L’engagement de Coop pour la durabilité

Le froid, c’est le domaine de Steve Widmer. Le directeur de succursale de Frigo Consulting SA, le bureau d’ingénieurs en technique du froid qui conseille Coop pour des projets de froid depuis plus de 20 ans, nous montre la centrale de production frigorifique au rez. L’installation est flambant neuve, a une puissance de 222kW, a coûté environ 1,25 millions de francs et s’inscrit dans "une stratégie de développement durable avec les bénéfices d’une diminution des consommations d’énergies, des coûts d’exploitation et la suppression des réfrigérants ayant un fort potentiel de réchauffement global", explique Luc Sturzenegger.

En effet, l’ancien système, installé il y a 20 ans, consommait un total de 937’400kWh/an (comparaison faite avec et les mêmes mètres linéaires), tandis qu’avec le nouveau système la consommation est divisée par deux (436’000kWh, moins 56%). La réduction de l'énergie de 501'400kWh/an représente une diminution de 77’215 kg CO/an. Le réfrigérant synthétique a été remplacé par un fluide frigorigène naturel, le CO.

Selon Luc Sturzenegger, l’ancien système aurait pu fonctionner pendant cinq à sept ans encore; aucun accident, aucune fuite n’était à signaler. "Le remplacement reflète la volonté de Coop de s’engager pour l’environnement", souligne ce manager spécialisé qui travaille depuis 38 ans pour le groupe.

Froid écologique

Programmes de soutien

Les programmes dans le domaine du froid respectueux du climat soutiennent différentes mesures d’utilisation de fluides frigorigènes écologiques.

Interessé?

L’encouragement par la Fondation KliK

Cet engagement a un coût au moment de l’investissement qui n’est pas toujours facile à réaliser, comme le confirme Steve Widmer: "En tant qu’ingénieur, je constate que le passage d’un fluide synthétique à un fluide naturel peine à se développer, surtout dans les petites et moyennes installations." Pourtant, des aides pour ce type d’investissement existent: la Fondation pour la protection du climat et la compensation de CO₂ KliK encourage le remplacement anticipé des installations HFC par des subsides qui couvrent en moyenne entre 20 et 50% des coûts d’investissement en fonction de la quantité de gaz à effet de serre récupérée; pour le remplacement du fluide frigorigène, les subsides peuvent grimper jusqu’à 90%.

Dans le cas de Rennaz, le subside pour la transformation et le remplacement anticipé de l’ordre de 90'000 francs environ est économiquement intéressant, notamment si l’on prend en compte la totalité des coûts de l’énergie, d'exploitation, d'entretien et de recharge du fluide frigorigène. Il s’insère ainsi parfaitement dans la stratégie de Coop qui modernise ses points de vente à intervalles régulières et définit ses projets dans une planification pluriannuelle. Luc Sturzenegger: "La contribution permet de moderniser des projets supplémentaires qui auraient autrement dû attendre".
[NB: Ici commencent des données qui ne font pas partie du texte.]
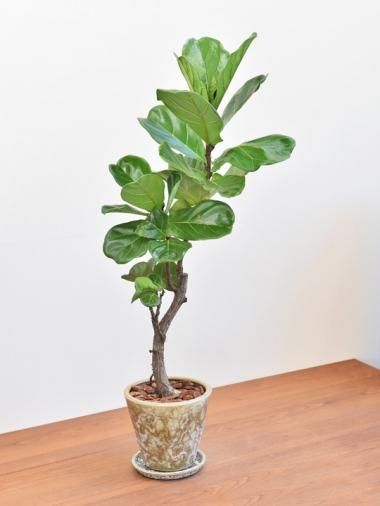 大きいサイズ Tree Tree おしゃれな観葉植物 通販 Interior Plants Shop 大きいサイズ Tree Tree おしゃれな観葉植物 通販 Interior Plants Shop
Steve Widmer abonde dans ce sens selon son expérience d’ingénieur: "Le soutien via les subsides de la Fondation KliK sur la base de la loi sur le CO₂ peut vraiment aider des entreprises qui n’ont pas les moyens d’investir une telle somme en une fois, de franchir le pas. Il est d’autant plus important si l’on considère le fait que le coût d’une nouvelle installation au fluide écologique peut presque passer au double dans le cadre de petites et moyennes installations. Il est même capital si l’on considère la situation économique qui fait grimper les prix des énergies fossiles".

"En tant qu’ingénieur, je constate que le passage d’un fluide synthétique à un fluide naturel peine à se développer, surtout dans les petites et moyennes installations. Dans ce cas les programmes de soutien de la Fondation KliK peuvent aider."

Steve Widmer, Frigo Consulting AG

Le remplacement de l’installation de Rennaz s’intègre dans une stratégie globale de rénovation de l’ensemble du parc de 204 magasins en Suisse romande d’ici à 2030. 52 magasins Coop ont déjà été équipés selon le nouveau concept 2025+, 152 installations restent à réaliser. L’ensemble du parc d’installation ne pouvant pas être rénové complétement dans une période de courte durée pour des raisons de capacité et financières, seul le réfrigérant synthétique, notamment le R404A, est remplacé dans certains points de vente.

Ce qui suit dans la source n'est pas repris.